What you should do: Beginning with the line that holds "Disko Bay #17" in the data below, give again every line through the one that holds "Palace Spirfire Live", exactly as written.

*** Supplied records

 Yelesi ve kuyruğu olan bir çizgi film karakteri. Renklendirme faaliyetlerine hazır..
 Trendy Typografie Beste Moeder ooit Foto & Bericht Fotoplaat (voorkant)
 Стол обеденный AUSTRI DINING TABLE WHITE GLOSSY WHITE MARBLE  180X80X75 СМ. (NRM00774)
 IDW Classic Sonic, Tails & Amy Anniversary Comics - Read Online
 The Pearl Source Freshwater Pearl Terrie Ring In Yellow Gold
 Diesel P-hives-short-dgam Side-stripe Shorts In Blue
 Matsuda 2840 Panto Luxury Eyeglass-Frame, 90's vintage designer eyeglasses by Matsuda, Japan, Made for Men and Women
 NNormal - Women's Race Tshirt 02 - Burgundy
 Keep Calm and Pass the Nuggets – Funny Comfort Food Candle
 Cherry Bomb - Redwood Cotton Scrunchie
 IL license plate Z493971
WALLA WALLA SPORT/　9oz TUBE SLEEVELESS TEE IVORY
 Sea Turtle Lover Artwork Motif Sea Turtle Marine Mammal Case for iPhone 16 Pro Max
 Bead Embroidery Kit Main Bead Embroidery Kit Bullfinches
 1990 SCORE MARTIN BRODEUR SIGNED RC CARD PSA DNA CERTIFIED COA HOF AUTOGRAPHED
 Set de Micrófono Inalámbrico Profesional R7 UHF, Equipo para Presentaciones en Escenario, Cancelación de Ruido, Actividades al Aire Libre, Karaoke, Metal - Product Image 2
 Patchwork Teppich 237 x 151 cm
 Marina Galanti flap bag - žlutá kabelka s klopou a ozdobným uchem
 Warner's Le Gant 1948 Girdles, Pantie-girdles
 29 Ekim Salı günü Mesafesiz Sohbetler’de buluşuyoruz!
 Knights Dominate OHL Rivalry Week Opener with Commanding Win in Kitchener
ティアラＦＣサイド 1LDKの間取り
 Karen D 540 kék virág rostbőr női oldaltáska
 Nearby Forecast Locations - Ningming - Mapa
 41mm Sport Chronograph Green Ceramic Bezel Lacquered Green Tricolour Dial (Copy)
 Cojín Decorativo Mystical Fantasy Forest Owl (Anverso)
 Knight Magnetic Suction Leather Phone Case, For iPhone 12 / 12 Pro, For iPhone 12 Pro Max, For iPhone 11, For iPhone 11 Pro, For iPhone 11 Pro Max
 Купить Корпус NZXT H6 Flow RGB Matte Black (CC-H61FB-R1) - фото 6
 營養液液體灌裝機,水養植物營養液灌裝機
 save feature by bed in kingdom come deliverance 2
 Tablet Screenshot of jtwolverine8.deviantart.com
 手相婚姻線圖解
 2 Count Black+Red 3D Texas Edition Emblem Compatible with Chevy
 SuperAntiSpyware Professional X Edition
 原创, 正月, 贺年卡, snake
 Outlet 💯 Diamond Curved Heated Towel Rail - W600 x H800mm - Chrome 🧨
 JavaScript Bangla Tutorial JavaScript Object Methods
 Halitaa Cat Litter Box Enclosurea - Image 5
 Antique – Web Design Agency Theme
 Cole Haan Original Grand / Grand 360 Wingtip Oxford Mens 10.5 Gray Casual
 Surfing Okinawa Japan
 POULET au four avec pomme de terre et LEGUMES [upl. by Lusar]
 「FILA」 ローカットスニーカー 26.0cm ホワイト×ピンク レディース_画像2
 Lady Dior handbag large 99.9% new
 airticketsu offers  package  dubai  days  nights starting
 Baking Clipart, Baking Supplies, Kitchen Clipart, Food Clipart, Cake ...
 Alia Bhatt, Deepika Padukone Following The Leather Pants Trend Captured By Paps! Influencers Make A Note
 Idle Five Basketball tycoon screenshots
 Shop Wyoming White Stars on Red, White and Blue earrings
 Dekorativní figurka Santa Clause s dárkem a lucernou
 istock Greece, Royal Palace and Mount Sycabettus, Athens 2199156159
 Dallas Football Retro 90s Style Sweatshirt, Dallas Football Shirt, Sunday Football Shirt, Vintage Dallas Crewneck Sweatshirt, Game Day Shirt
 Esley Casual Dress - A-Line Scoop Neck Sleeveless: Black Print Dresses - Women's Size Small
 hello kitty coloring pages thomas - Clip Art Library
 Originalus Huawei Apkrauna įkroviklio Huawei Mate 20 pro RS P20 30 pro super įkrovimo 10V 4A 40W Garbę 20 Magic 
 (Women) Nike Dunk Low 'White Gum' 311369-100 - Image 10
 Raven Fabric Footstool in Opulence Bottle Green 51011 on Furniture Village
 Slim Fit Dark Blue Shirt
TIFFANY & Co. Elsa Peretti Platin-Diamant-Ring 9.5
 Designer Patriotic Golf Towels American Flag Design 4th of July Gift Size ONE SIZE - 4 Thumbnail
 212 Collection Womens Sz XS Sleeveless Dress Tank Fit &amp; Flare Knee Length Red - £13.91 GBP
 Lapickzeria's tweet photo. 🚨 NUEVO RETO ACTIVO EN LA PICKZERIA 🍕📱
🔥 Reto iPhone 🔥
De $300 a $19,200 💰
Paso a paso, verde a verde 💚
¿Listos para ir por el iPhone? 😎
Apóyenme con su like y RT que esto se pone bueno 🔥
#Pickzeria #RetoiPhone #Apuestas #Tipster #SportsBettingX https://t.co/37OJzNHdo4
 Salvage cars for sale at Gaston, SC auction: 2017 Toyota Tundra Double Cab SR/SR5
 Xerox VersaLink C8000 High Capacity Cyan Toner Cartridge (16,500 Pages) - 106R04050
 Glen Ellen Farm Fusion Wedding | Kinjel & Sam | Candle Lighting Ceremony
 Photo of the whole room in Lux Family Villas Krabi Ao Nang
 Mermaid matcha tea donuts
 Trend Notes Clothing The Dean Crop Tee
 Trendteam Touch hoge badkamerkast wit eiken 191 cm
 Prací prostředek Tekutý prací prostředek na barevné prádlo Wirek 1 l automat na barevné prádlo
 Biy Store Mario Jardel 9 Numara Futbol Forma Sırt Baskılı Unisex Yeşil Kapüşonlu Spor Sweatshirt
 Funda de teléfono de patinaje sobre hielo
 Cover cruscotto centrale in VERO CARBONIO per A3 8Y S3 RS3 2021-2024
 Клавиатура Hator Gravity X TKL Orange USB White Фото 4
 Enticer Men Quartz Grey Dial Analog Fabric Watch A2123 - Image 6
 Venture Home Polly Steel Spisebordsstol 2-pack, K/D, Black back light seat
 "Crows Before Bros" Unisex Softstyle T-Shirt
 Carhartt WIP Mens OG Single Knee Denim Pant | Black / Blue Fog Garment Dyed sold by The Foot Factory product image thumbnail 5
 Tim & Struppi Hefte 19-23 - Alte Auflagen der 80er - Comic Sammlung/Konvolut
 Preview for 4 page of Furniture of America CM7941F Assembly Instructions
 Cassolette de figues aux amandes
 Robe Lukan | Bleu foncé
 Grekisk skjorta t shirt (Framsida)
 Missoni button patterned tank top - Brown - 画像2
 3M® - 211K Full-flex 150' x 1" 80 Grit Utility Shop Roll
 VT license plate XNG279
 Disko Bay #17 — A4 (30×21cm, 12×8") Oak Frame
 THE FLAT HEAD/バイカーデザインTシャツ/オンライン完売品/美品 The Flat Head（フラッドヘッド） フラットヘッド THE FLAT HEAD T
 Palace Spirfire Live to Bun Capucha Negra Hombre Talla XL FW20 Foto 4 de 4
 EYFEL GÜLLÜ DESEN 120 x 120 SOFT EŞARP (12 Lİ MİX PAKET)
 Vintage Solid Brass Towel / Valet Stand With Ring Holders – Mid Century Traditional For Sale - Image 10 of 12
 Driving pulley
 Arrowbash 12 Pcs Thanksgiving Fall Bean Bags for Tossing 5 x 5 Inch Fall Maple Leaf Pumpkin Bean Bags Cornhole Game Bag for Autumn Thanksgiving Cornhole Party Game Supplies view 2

******

Final answer:
 Disko Bay #17 — A4 (30×21cm, 12×8") Oak Frame
 THE FLAT HEAD/バイカーデザインTシャツ/オンライン完売品/美品 The Flat Head（フラッドヘッド） フラットヘッド THE FLAT HEAD T
 Palace Spirfire Live to Bun Capucha Negra Hombre Talla XL FW20 Foto 4 de 4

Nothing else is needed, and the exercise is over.